* Work to be completed
Type out the records again, exactly as they are.

Data START

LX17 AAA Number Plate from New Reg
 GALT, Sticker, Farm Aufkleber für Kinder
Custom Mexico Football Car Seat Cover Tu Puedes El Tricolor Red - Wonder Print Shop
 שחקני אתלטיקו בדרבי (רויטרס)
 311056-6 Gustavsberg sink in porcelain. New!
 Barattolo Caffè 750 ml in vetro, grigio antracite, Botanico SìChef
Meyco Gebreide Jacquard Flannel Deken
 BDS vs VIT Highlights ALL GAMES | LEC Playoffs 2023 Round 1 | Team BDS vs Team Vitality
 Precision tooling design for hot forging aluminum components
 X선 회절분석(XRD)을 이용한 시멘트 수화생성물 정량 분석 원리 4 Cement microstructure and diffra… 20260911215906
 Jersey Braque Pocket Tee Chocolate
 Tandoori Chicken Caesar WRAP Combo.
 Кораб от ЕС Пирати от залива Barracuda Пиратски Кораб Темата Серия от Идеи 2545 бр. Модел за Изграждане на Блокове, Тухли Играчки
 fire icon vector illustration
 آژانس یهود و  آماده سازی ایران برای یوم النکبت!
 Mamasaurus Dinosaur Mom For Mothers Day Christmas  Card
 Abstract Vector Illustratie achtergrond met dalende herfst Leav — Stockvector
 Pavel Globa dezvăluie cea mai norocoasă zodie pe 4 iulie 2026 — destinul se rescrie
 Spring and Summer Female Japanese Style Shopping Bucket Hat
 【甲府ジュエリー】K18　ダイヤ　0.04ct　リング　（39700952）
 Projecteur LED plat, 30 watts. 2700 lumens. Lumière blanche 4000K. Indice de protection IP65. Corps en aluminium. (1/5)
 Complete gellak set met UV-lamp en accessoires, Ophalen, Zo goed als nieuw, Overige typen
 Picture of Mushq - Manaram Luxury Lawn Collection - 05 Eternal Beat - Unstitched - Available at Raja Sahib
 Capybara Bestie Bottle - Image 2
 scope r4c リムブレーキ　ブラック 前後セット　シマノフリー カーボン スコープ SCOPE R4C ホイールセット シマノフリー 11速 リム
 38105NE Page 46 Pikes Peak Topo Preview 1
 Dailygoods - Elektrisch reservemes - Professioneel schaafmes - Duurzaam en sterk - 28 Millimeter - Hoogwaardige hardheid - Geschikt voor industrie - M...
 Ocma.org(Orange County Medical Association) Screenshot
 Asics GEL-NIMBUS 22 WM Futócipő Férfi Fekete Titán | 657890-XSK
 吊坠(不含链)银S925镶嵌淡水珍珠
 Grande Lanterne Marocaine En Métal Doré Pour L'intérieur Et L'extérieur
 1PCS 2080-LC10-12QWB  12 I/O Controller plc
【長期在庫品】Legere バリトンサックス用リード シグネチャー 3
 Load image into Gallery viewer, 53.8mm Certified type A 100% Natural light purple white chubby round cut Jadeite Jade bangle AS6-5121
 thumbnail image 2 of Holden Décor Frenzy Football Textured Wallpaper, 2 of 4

Data END

* Exercise solution
LX17 AAA Number Plate from New Reg
 GALT, Sticker, Farm Aufkleber für Kinder
Custom Mexico Football Car Seat Cover Tu Puedes El Tricolor Red - Wonder Print Shop
 שחקני אתלטיקו בדרבי (רויטרס)
 311056-6 Gustavsberg sink in porcelain. New!
 Barattolo Caffè 750 ml in vetro, grigio antracite, Botanico SìChef
Meyco Gebreide Jacquard Flannel Deken
 BDS vs VIT Highlights ALL GAMES | LEC Playoffs 2023 Round 1 | Team BDS vs Team Vitality
 Precision tooling design for hot forging aluminum components
 X선 회절분석(XRD)을 이용한 시멘트 수화생성물 정량 분석 원리 4 Cement microstructure and diffra… 20260911215906
 Jersey Braque Pocket Tee Chocolate
 Tandoori Chicken Caesar WRAP Combo.
 Кораб от ЕС Пирати от залива Barracuda Пиратски Кораб Темата Серия от Идеи 2545 бр. Модел за Изграждане на Блокове, Тухли Играчки
 fire icon vector illustration
 آژانس یهود و  آماده سازی ایران برای یوم النکبت!
 Mamasaurus Dinosaur Mom For Mothers Day Christmas  Card
 Abstract Vector Illustratie achtergrond met dalende herfst Leav — Stockvector
 Pavel Globa dezvăluie cea mai norocoasă zodie pe 4 iulie 2026 — destinul se rescrie
 Spring and Summer Female Japanese Style Shopping Bucket Hat
 【甲府ジュエリー】K18　ダイヤ　0.04ct　リング　（39700952）
 Projecteur LED plat, 30 watts. 2700 lumens. Lumière blanche 4000K. Indice de protection IP65. Corps en aluminium. (1/5)
 Complete gellak set met UV-lamp en accessoires, Ophalen, Zo goed als nieuw, Overige typen
 Picture of Mushq - Manaram Luxury Lawn Collection - 05 Eternal Beat - Unstitched - Available at Raja Sahib
 Capybara Bestie Bottle - Image 2
 scope r4c リムブレーキ　ブラック 前後セット　シマノフリー カーボン スコープ SCOPE R4C ホイールセット シマノフリー 11速 リム
 38105NE Page 46 Pikes Peak Topo Preview 1
 Dailygoods - Elektrisch reservemes - Professioneel schaafmes - Duurzaam en sterk - 28 Millimeter - Hoogwaardige hardheid - Geschikt voor industrie - M...
 Ocma.org(Orange County Medical Association) Screenshot
 Asics GEL-NIMBUS 22 WM Futócipő Férfi Fekete Titán | 657890-XSK
 吊坠(不含链)银S925镶嵌淡水珍珠
 Grande Lanterne Marocaine En Métal Doré Pour L'intérieur Et L'extérieur
 1PCS 2080-LC10-12QWB  12 I/O Controller plc
【長期在庫品】Legere バリトンサックス用リード シグネチャー 3
 Load image into Gallery viewer, 53.8mm Certified type A 100% Natural light purple white chubby round cut Jadeite Jade bangle AS6-5121
 thumbnail image 2 of Holden Décor Frenzy Football Textured Wallpaper, 2 of 4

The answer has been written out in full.